First any offer of hosting by Google or anybody else for that matter will not make the 40 or so servers that the Wikimedia Founation already owns go away or stop the foundation from paying its own hosting costs for those servers. Nor will it stop donations from coming in so the foundation can buy more hardware and bandwidth. And the foundation is *not* going to just rely on any one hosting partner but will instead seek out and act upon multiple offers (this is in fact necessary due to the exponential growth of traffic to the sites it operates; such as Wikipedia.org).

The most glaring omission Dvorak makes is the simple fact that due to the license Wikipedia uses, that it would be impossible for any one company to control it. If the 'end' were really near, somebody with better intentions could just download the *whole* Wikipedia and host it. But it would never come to that because the foundation would not allow it ; its very mission is to ensure free access to the projects it runs.

I'm very disappointed in Dvorak.
What really happened that week by Jamesday · 2005-02-15 18:55 · Score: 3, Informative
You're both a bit right. Here's a highlight view of some of the things happening during that week:
- New squid cache servers in Paris. After network bandwidth issues there were resolved they speeded up access in bits of Europe. But they also slowed down all page saves because saves also tell the Squids to remove (flush) related pages from their cache and those more distant servers took longer to flush. Can be tens of thousands of flushes to do. Squid flushing/purging is now much faster and longer term it's being modified to be taken completely out of the save loop. This one really hurt save speed for a while, as the developers sorted out what was happening and improved the way purging was done. Net result: all purging of squids is much more efficient and saves remain faster than they used to be. The way pages are delivered to those who aren't logged in was also improved, so style sheets are served from the Squids for them now - that makes page views for those not logged in less sensitive to Apache web server load.
- Load balancing pain. Load balancing is what chooses which Apache web server gets the next request. The previous system wasn't very even so many requests were getting sent to the most heavily loaded Apaches when they should have been sent to a less loaded one instead. It's been a long-standing problem for us. During the week or so you're talking about we were testing several different replacement load balancing systems to find those which would give a good result:
  - Pen seemed better than running modified Squids on the Apaches but wasn't good enough.
  - Perlbal from the Livejournal people worked very well and gave a nicely even load balance. Brad and Mark from LJ were very helpful in getting it described and set up. We took two Apache web servers to use for this in case they used too much CPU. As it turned out they used only about 10% on each machine. But that left us two Apaches not building pages...
  - Our Squid expert wrote a replacement ICP client to run on the Apaches. That also produced an even load balance so around the end of the week we switched to using it. Freed up those two Apaches to go back to page building duty. So, until we need its other features, Perlbal isn't in use - not quite the best solution for us today (but may be in the future).

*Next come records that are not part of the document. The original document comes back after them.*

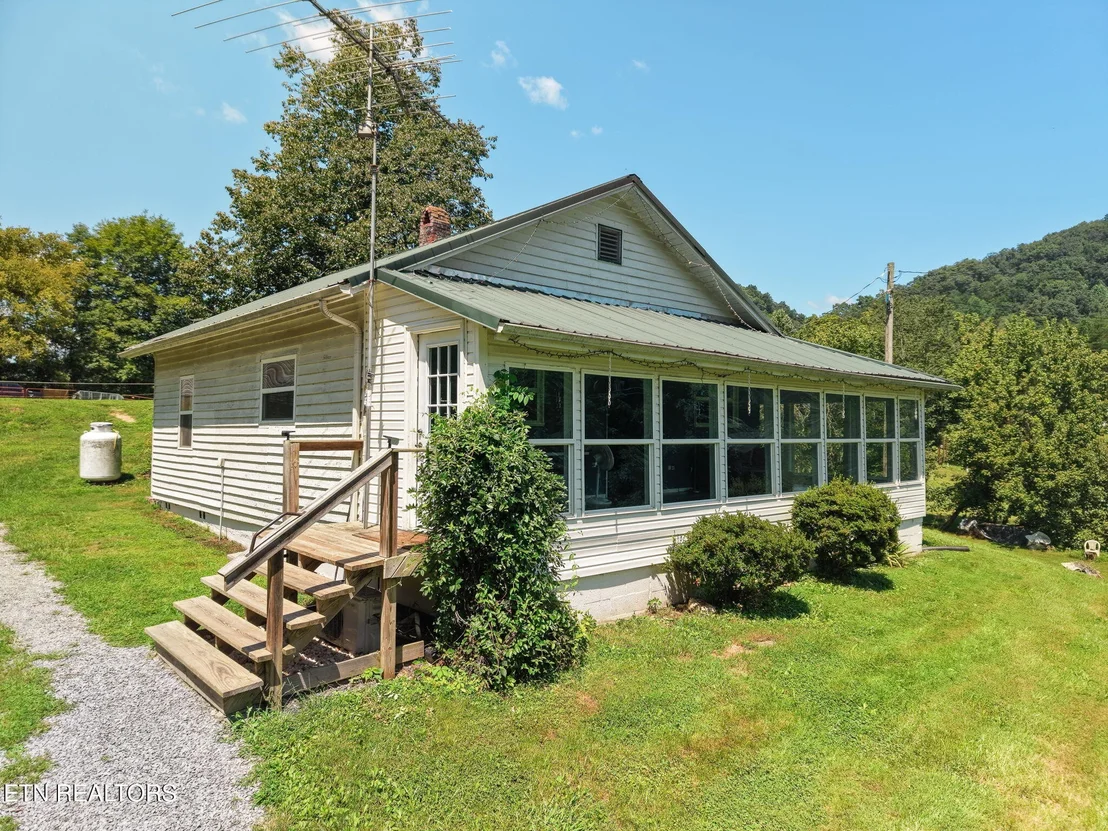 Photo of 3000 Upper Caney Valley Rd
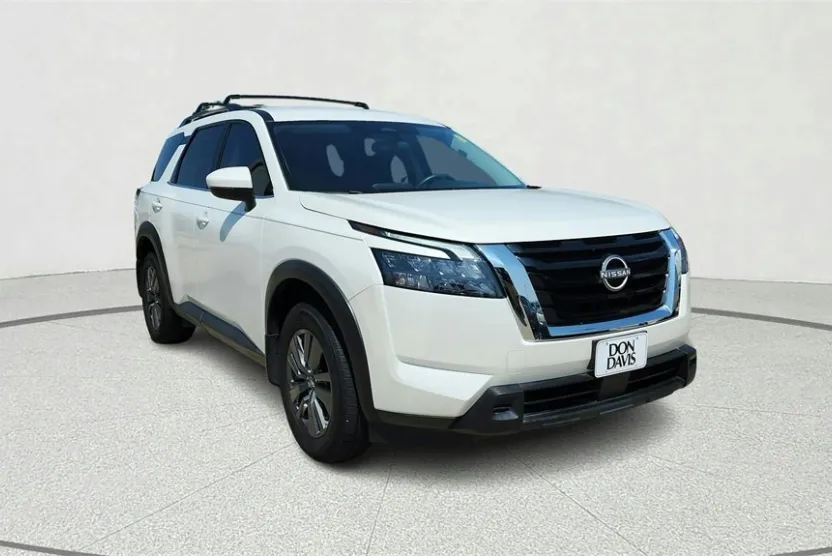 2024 Nissan Pathfinder SV photo 1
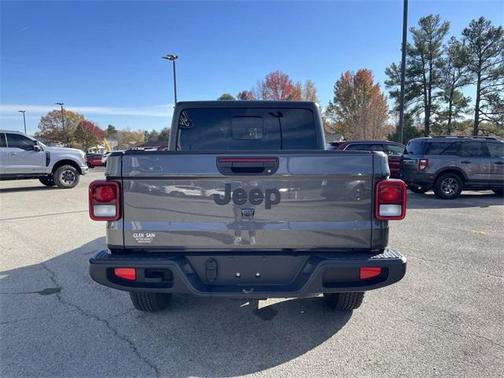 2023 Jeep Gladiator Sport S
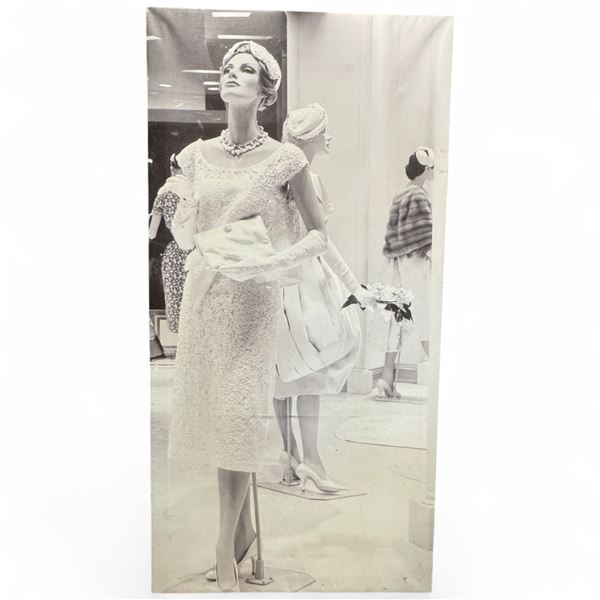 Hudson's Bay Vancouver Wall Hanging Women's Department Artwork Classic Style 4x8'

  So, we left that week with much improved load balancing for the Apaches. Much more consistent page load times now.
- Bugs in MediaWiki 1.4 beta left the Apaches filling their available child slots. That combined with some specific web crawlers could sometimes let the crawlers take the site down by leaving no or very few free children to handle requests. Also increased Apache load a bit. The most important ones have been fixed but there's still an occasional stuck child. To deal with that we have a script restarting one Apache web server every 5 or so minutes, to ensure that it can't rise to a troublesome level.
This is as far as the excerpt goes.